7.2 Formal semantics

A critical development, however, came from the work of Montague, which can arguably be construed as the origins of formal semantics proper. Building on the idea of a homeomorphism (i.e., structure-preserving mapping) between syntax and semantics, Montague suggested that each syntactic rule (regarding constituent combination) had an associated semantic rule, which would specify how the meaning of the whole was formed from the meanings of the parts (Montague, 1973). He formalised this using typed intensional logic, in which categories of constituents are expressed in terms of combinations of entity expressions (i.e., expressions for an individual; denoted e) and truth-value expressions (i.e., declarative sentences; denoted t). For example, sentences are type t, and nouns are type e, thus intransitive verbs (which take a single noun as the sole argument) must be type <e t>—objects that, when combined with one of type e, returns an object of type t. This system, later dubbed Montague grammar by Partee (1975), could explain a variety of semantic phenomena in English, including transitive verbs, verbs of propositional attitude, and modal expressions. This supported Montague’s thesis that natural and formal languages could be treated similarly and could undergo similar analyses.

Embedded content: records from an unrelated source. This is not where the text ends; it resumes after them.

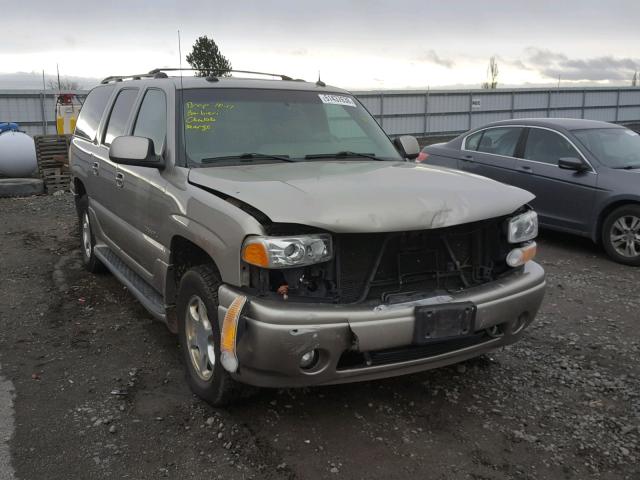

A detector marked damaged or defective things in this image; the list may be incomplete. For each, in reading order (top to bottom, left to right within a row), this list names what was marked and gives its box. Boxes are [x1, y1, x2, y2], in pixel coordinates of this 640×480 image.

dented hood [186, 161, 536, 232]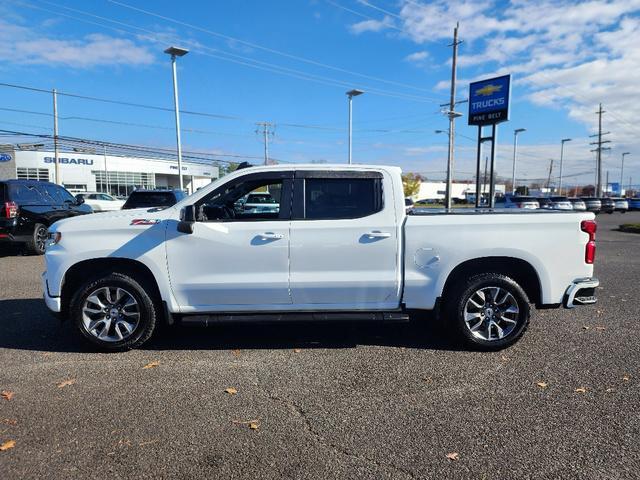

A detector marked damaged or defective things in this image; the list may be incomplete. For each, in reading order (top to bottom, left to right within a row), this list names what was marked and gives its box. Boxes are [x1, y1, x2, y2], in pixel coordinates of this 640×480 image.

cracked asphalt [1, 212, 640, 478]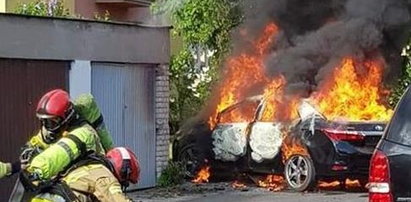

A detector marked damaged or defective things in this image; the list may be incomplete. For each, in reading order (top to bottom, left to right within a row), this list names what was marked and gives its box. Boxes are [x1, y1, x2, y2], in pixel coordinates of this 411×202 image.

charred car body [173, 96, 386, 191]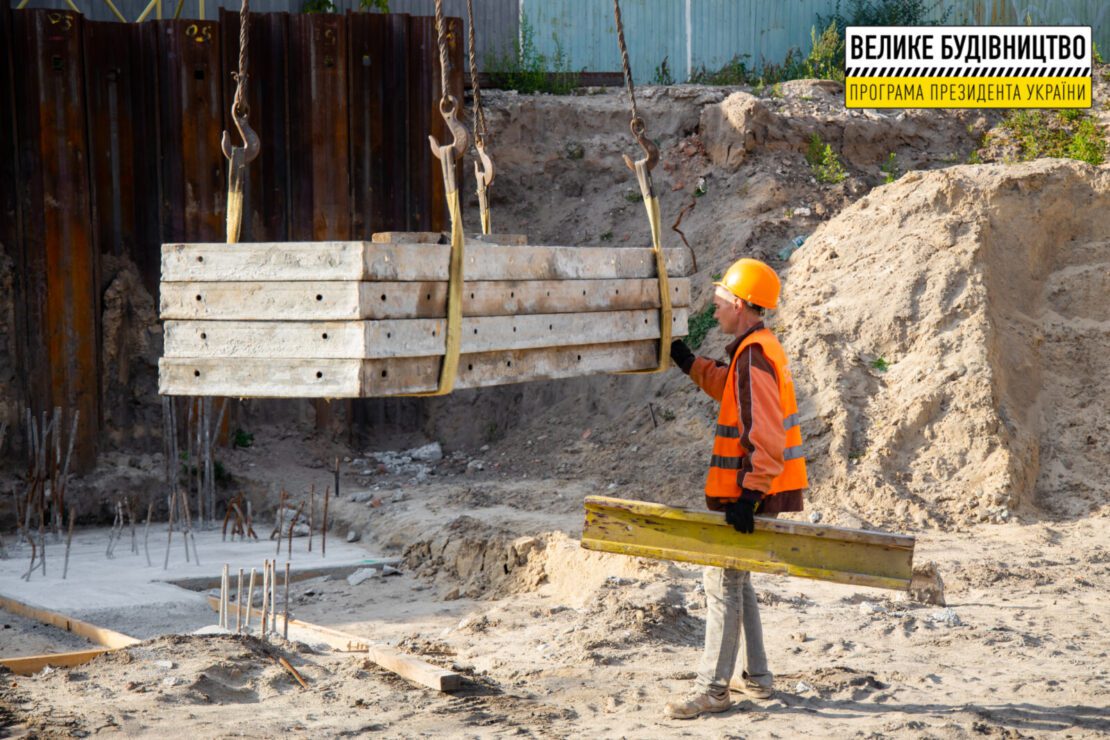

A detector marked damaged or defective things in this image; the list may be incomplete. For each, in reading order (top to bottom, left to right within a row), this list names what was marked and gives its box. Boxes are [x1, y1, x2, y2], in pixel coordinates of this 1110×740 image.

rusty sheet pile wall [0, 7, 463, 474]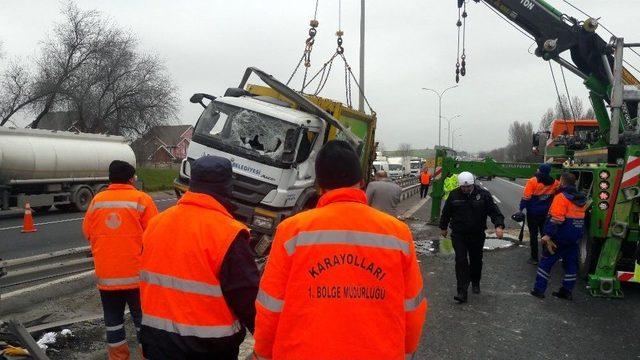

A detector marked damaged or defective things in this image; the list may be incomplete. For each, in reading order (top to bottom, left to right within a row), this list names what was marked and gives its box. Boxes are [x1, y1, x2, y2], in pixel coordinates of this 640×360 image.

Following Montague, a robust cooperation between philosophy and linguistics began, thereby developing the field of formal semantics. This area of research includes further work on truth-conditional semantics: for example, Lewis demonstrated that possible-worlds semantics (that the intension of a sentence is a function from a possible world to a truth-value) was a viable framework for understanding natural language (Lewis, 1970). Another overlapping area of interest is reference, which is concerned with the relationships between signs and their referents; common topics in this issue include proper names, indexicals, and definite descriptions. Several models of reference have thus been proposed, including the descriptivist view, proposing that reference occurs through the specific descriptive content associated with the sign, with proponents such as Russell (1905). In contrast, Kripke introduced a theory about how linguistic forms come to be associated with their referents—linked to an original act of naming via a causal chain (Kripke, 1980). These concepts provided a theoretical framework to ground abstract linguistic meaning in objects, and brought clarity into the study of meaning by introducing logic-based techniques and vocabulary.

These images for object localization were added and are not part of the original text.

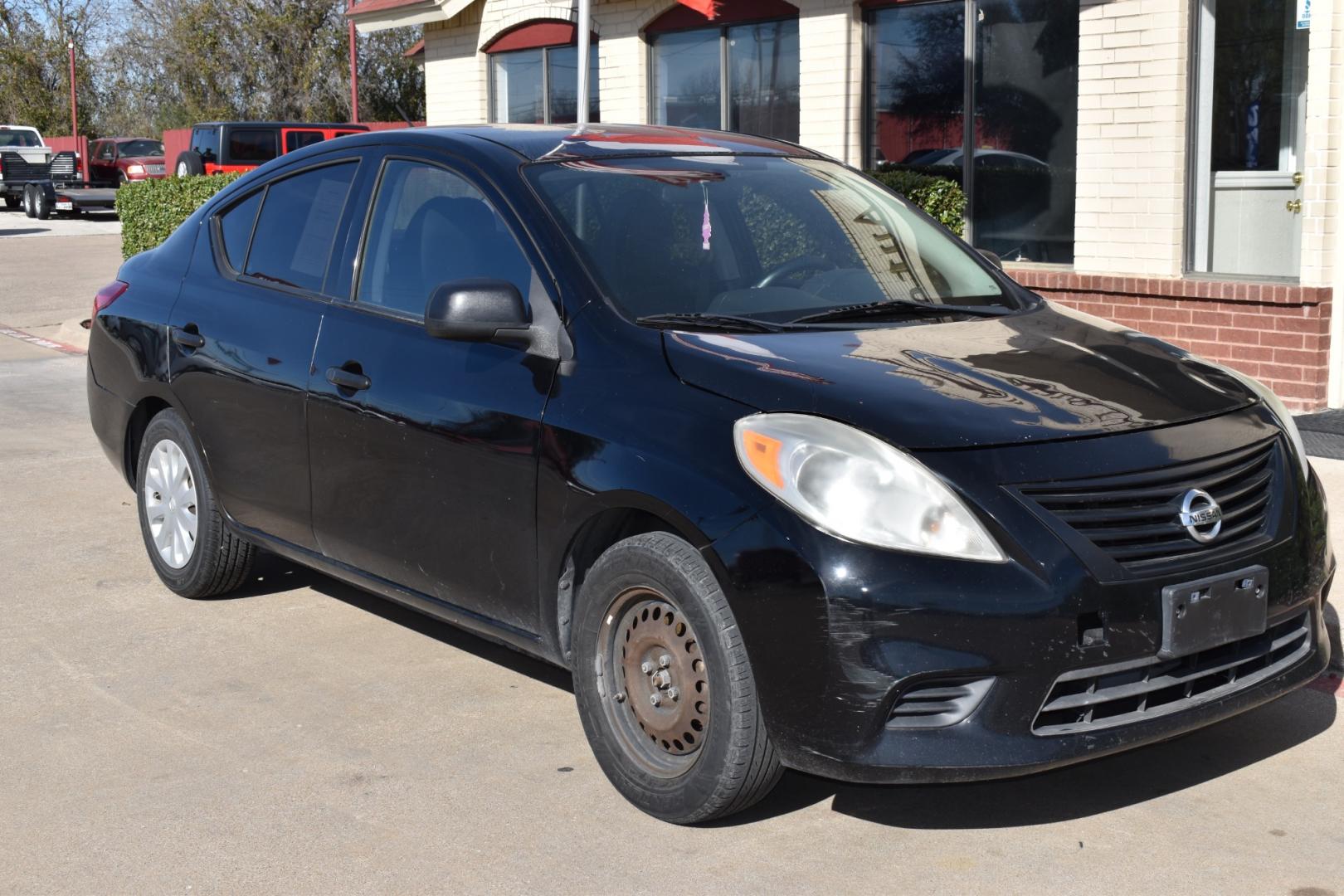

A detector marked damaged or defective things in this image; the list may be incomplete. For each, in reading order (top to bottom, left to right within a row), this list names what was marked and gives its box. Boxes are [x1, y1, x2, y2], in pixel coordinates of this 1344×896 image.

rusty wheel [594, 587, 707, 777]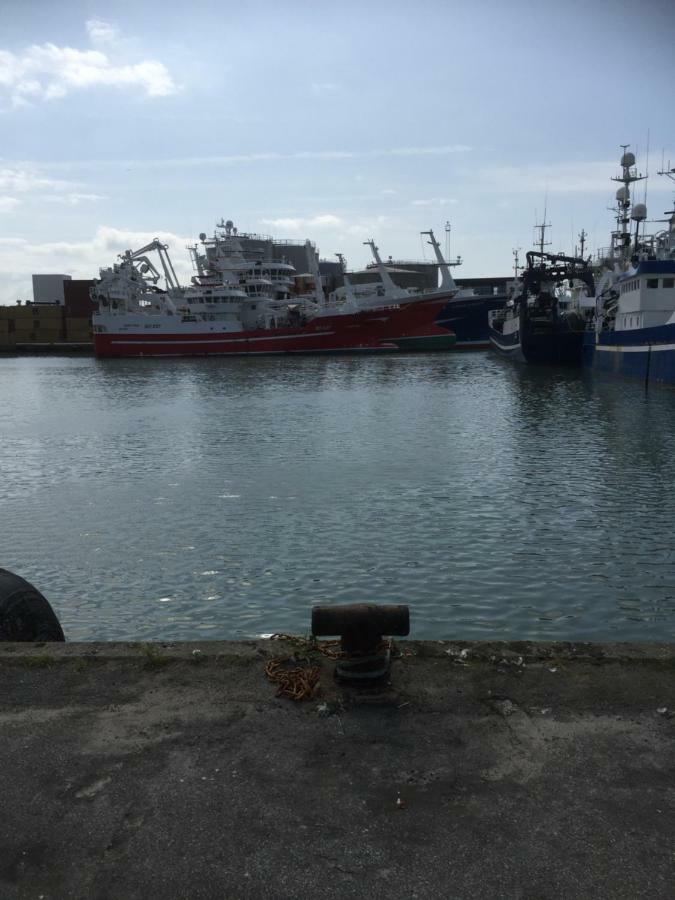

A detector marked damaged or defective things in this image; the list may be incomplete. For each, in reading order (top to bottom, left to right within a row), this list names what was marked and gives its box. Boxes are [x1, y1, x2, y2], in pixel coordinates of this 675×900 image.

rusty mooring bollard [312, 604, 412, 684]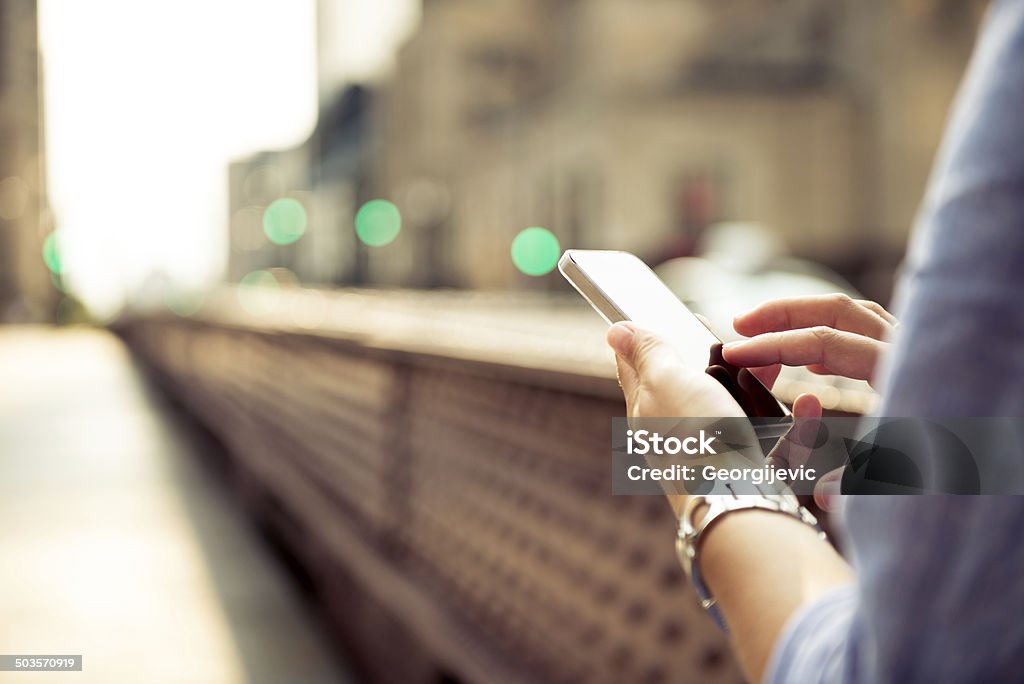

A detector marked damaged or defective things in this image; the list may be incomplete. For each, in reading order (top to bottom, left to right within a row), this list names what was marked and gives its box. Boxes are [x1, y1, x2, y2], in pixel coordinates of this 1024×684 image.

rusty metal surface [116, 290, 827, 684]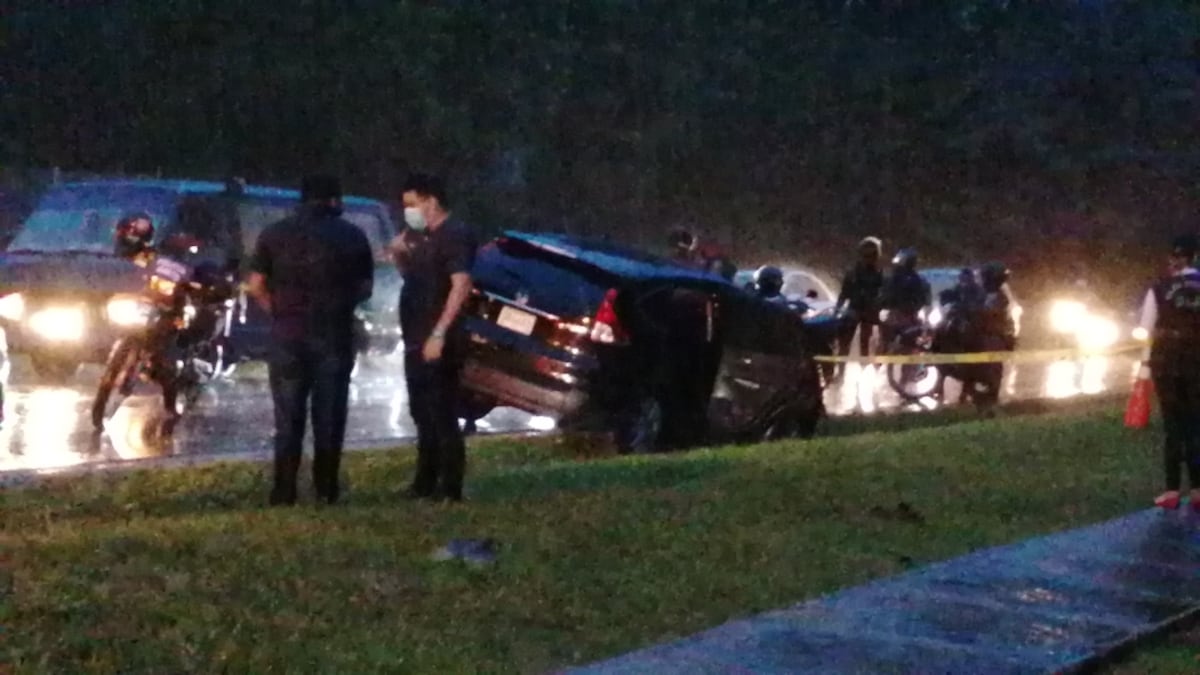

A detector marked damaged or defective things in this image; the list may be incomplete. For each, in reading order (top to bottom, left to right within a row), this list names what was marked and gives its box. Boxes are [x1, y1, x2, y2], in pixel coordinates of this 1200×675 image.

overturned dark suv [460, 232, 824, 454]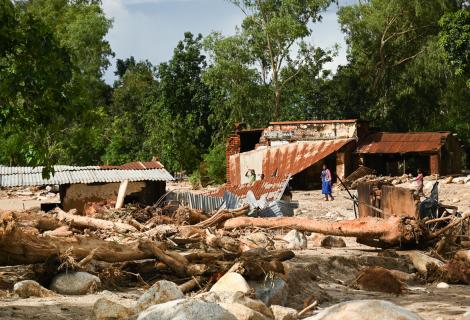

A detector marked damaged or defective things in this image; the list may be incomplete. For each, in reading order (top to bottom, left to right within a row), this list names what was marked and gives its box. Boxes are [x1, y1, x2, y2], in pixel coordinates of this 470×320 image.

Another field of investigation relates to the nature and structure of the conceptual space. This includes lexical semantics, which is interested in the meaning of lexical units, including their classification and decomposition. For example, Jackendoff proposed a componential approach towards semantics, which decomposes the concept of a lexical entry into abstract conceptual primitives (e.g., wife > [+female] [+adult] [+human] [+married]; Jackendoff, 1976). Other topics include lexical relations (semantic relationships between different lexical units; Fellbaum, 2015) and semantic field theory (organisation of concepts into domains; e.g., Lyons, 1977). The work in this area thus demonstrated that meaning can be conceptualised as structured and analysable, rather than amorphous and unintelligible.

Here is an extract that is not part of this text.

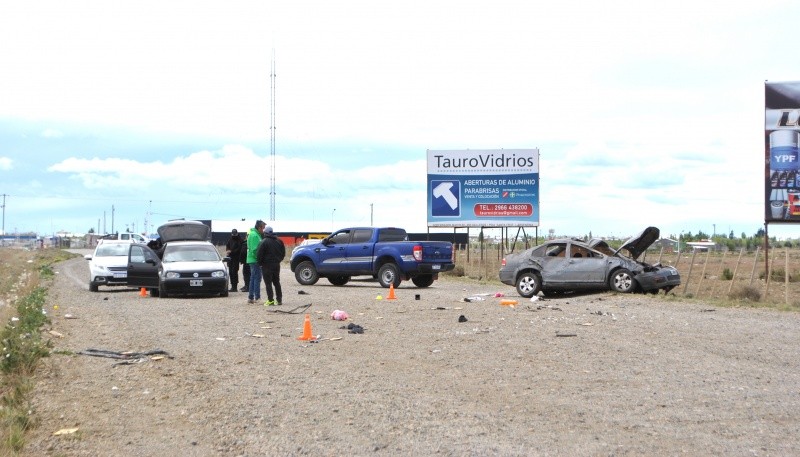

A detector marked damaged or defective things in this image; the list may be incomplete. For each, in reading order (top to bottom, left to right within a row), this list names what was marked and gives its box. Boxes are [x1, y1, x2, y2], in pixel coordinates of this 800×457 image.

wrecked gray sedan [500, 226, 680, 298]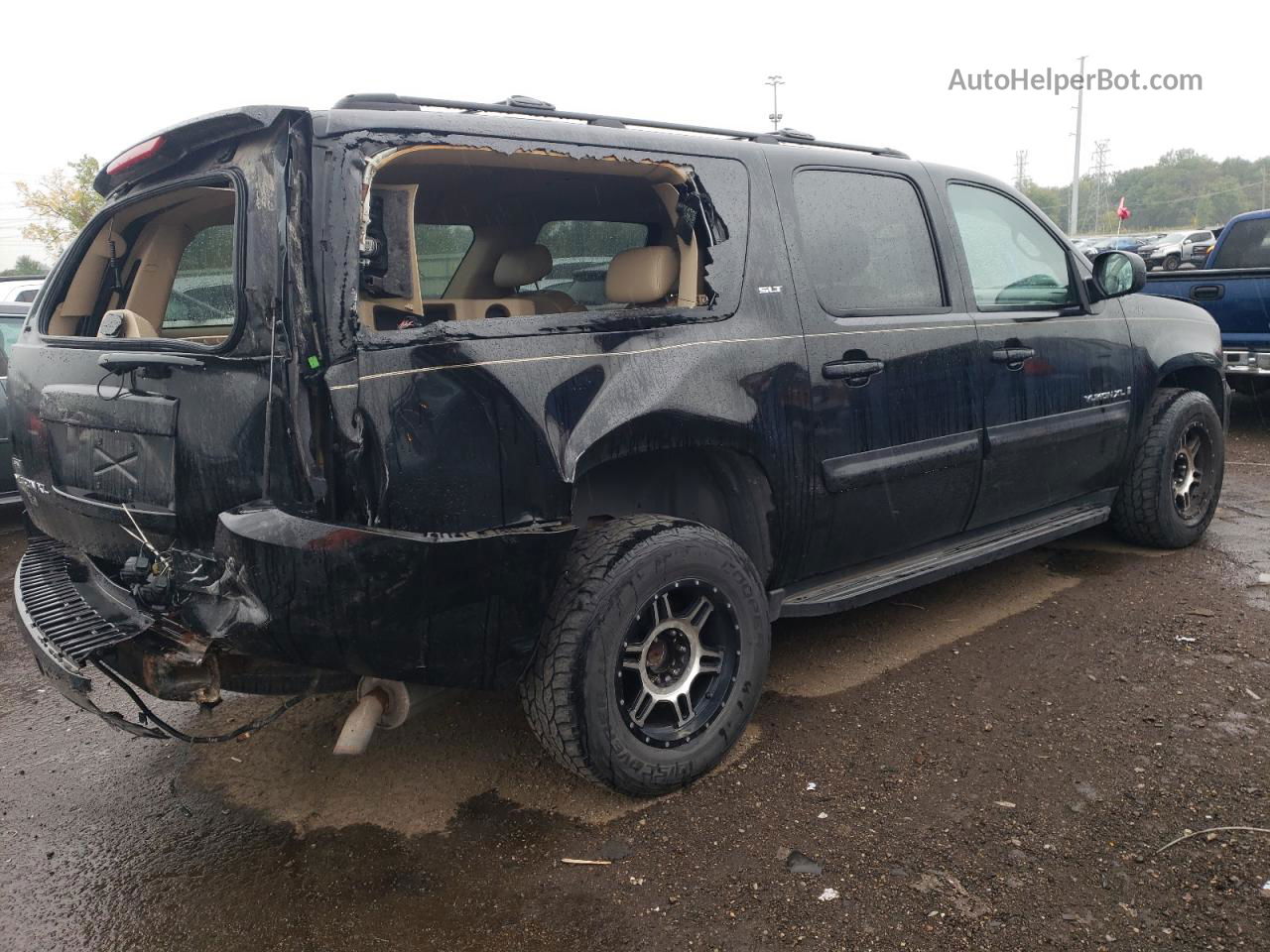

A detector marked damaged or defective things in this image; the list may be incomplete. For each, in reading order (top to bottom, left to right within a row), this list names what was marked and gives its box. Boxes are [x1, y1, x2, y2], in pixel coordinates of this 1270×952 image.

broken plastic trim [91, 664, 315, 746]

The development of a systematic, compositional, and robust semantics also affected its sister field of syntax. Part of the impetus for transformational grammar is the observation that certain correspondences between structures are essentially meaning-preserving (e.g., passivisation), suggesting that there may be some common “deep” or “base” form from with both are obtainable as variant surface forms. However, Partee has observed that “with a real semantics, we don’t need sameness at any syntactic level … to capture sameness of meaning”; more generally, she noted that “once we have a semantics that can do some real work, then syntax doesn’t have to try to solve problems that may be semantic in nature” (Partee, 2014). Such a “division of labour” has thus given rise to a number of other grammatical frameworks that do not posit transformations, including Lexical-Functional Grammar (Dalrymple et al., 2019; Kaplan & Bresnan, 1982) and Head-driven Phrase Structure Grammar (Müller et al., 2024; Pollard & Sag, 1987), in which semantics is handled by separate representations or formalisations (e.g., Glue semantics; Dalrymple et al., 1993).

7.3 Pragmatics and discourse analysis: Language in use

Despite the advances made by formal semanticists, some scholars remained unconvinced of its applicability given the (ostensible) inaccuracies in the mapping between the compositional semantics of a sentence and its understood ‘meaning’ (in the pre-theoretic sense) by language users. In this regard, Grice was particularly instrumental in bridging the gap between formalists (who advocated the use of formal language for its unambiguity and precision) and informalists (who were concerned about actual uses of natural language); he suggested instead that “the common assumption of the contestants that the divergences do in fact exist is (broadly speaking) a common mistake, and that the mistake arises from an inadequate attention to the nature and importance of the conditions governing conversation” (Grice, 1975). He thus introduced the notion of implicature, which refers to the act of implying something without it being either explicitly expressed or directly inferable from the content of the utterance. Implicature related to features of discourse (i.e., conversational implicature) arises from the tacit assumption that participants in a conversation are cooperative, and thus apparent deviances from cooperativity can be exploited to convey additional implicated meanings (in the absence of uncooperative behaviour such as lying, or explicit opting out of some aspect of cooperativity). A more recent extension of the cooperativity principle is the Rational Speech Act model (Frank & Goodman, 2012), which explicitly formalised the speaker’s mental simulation of their interlocuter’s interpretation of possible utterances, such that speakers choose the utterance that best communicates their intended meaning. This approach has allowed for more quantitative modelling of language use to account for a range of phenomena including metaphor (Kao et al., 2014) and politeness (Yoon et al., 2016). This analysis of meaning in embodied utterances became a foundation of the field of pragmatics, the study of the communicative function of language.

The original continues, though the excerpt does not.